Carlos Augusto Lobatón Espejo (born February 6, 1980 in Baranquilla, Colombia) is a retired Peruvian footballer who played as a midfielder.

Club career
Lobatón first developed as footballer in the popular Academia Cantolao along with his brother Abel Lobatón, at the age of 7. There he had as his first coach Víctor "El Chino" Rivera. Lobatón later joined the renowned youth system of Sporting Cristal. At the age of 18, he was loaned to Sport Boys. In 1998, he made his professional debut wearing their famous pink jersey. Later he played for various clubs in the Peruvian league until arriving at Cienciano.
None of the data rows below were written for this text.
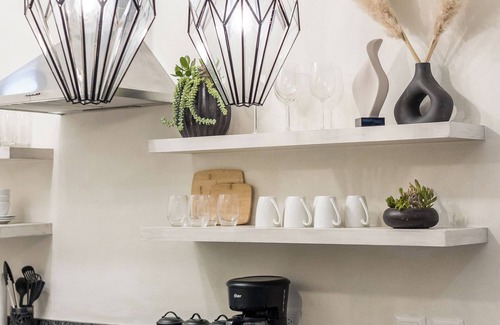 Zona Centro House | 1BR Rooftop King Suite Casita in Centro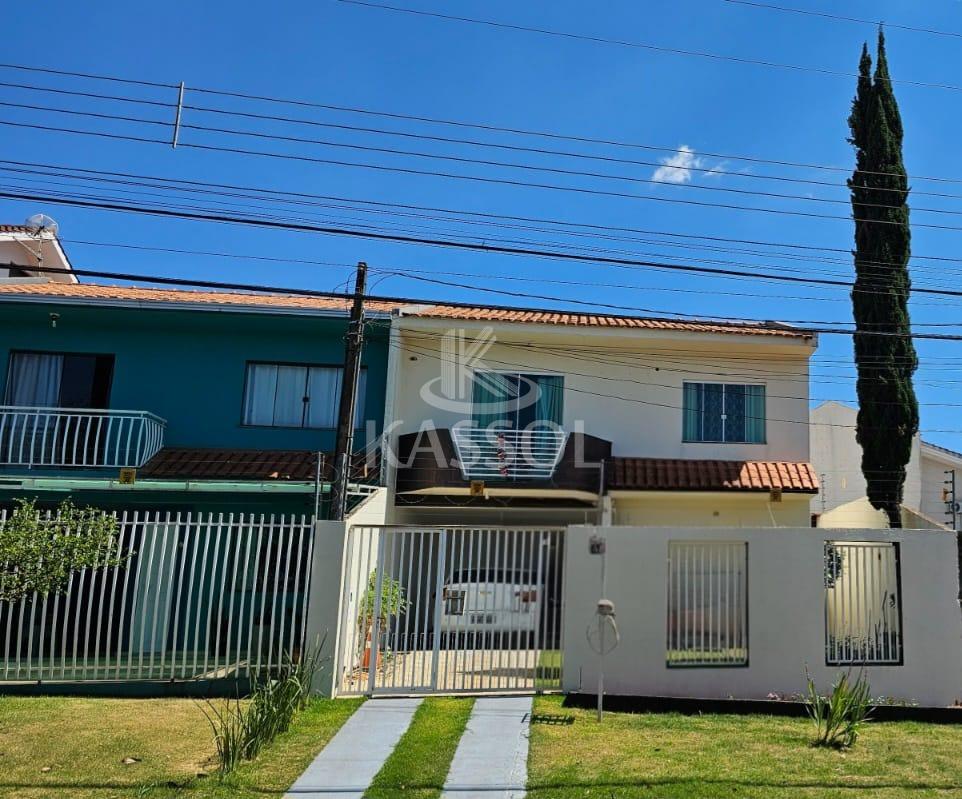 Sobrado de 3 quartos no Jardim Maria Luiza, em excelente local...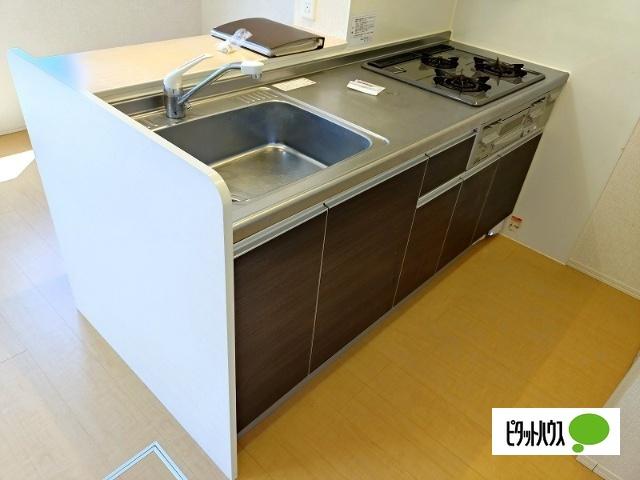 リーヴァ（102） キッチン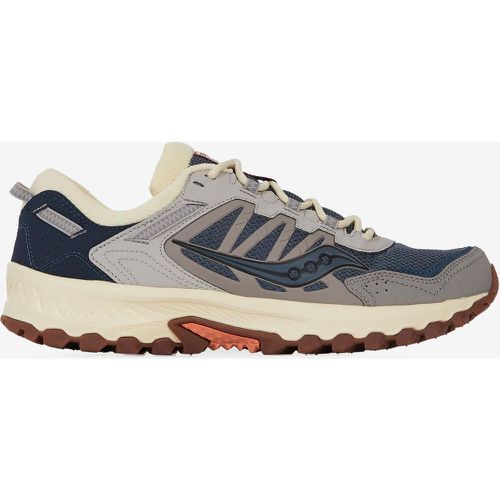 Grid Peak Marine/beige - Saucony - Modalova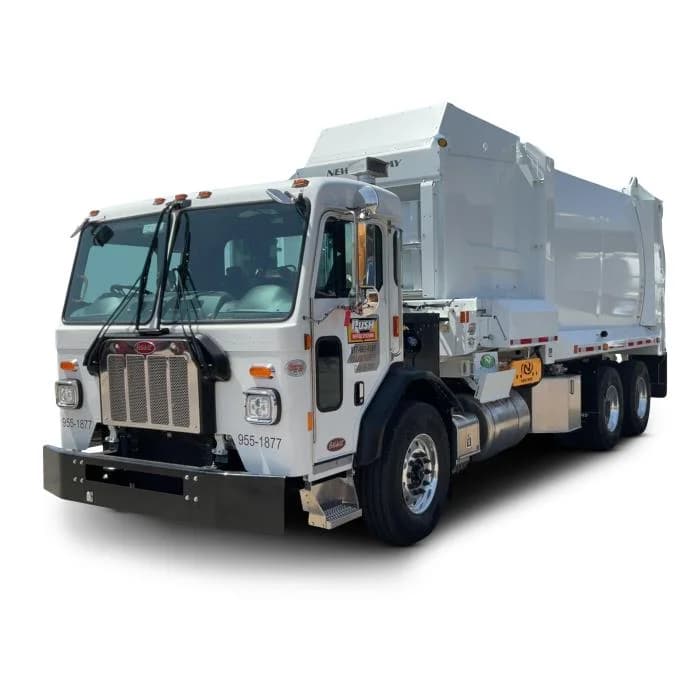2025 Peterbilt 520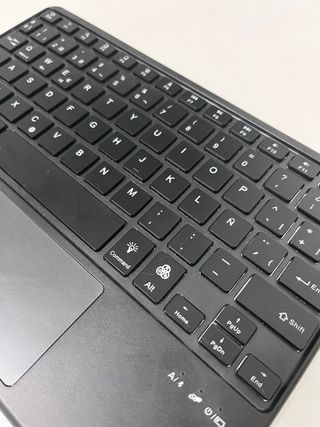 Teclado para iPad 6ª Gen.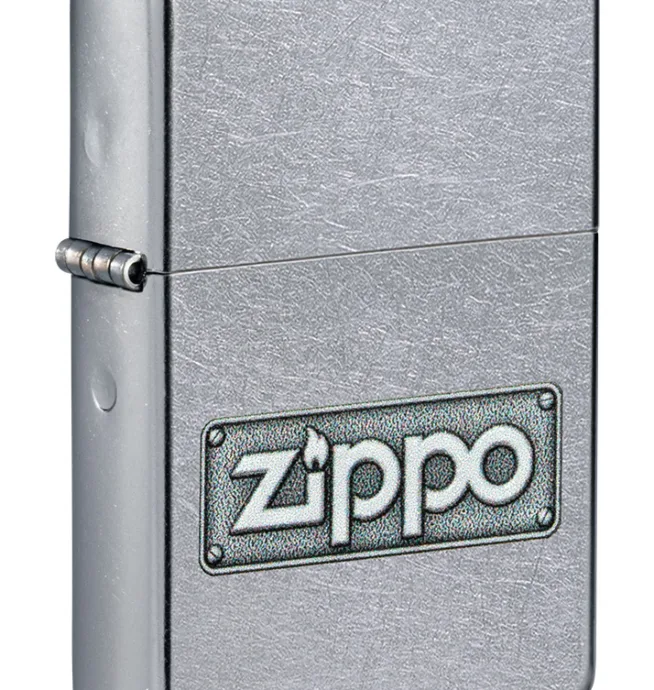 Zippo Lighter & Knife Set - Image 4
There he would find both national and international success. In 2003, he helped Cienciano win the Copa Sudamericana beating River Plate in the final. In the following year he also won the Recopa Sudamericana this time defeating Boca Juniors. Then in 2005 he won the Peruvian Torneo Apertura with Cienciano. Later in the second half of the 2005 season he returned to Sporting Cristal and helped them win the 2005 Torneo Clausura. In 2007, he suffered burns on the soles of his feet after playing on artificial turf or artificial pitch in the blazing sun.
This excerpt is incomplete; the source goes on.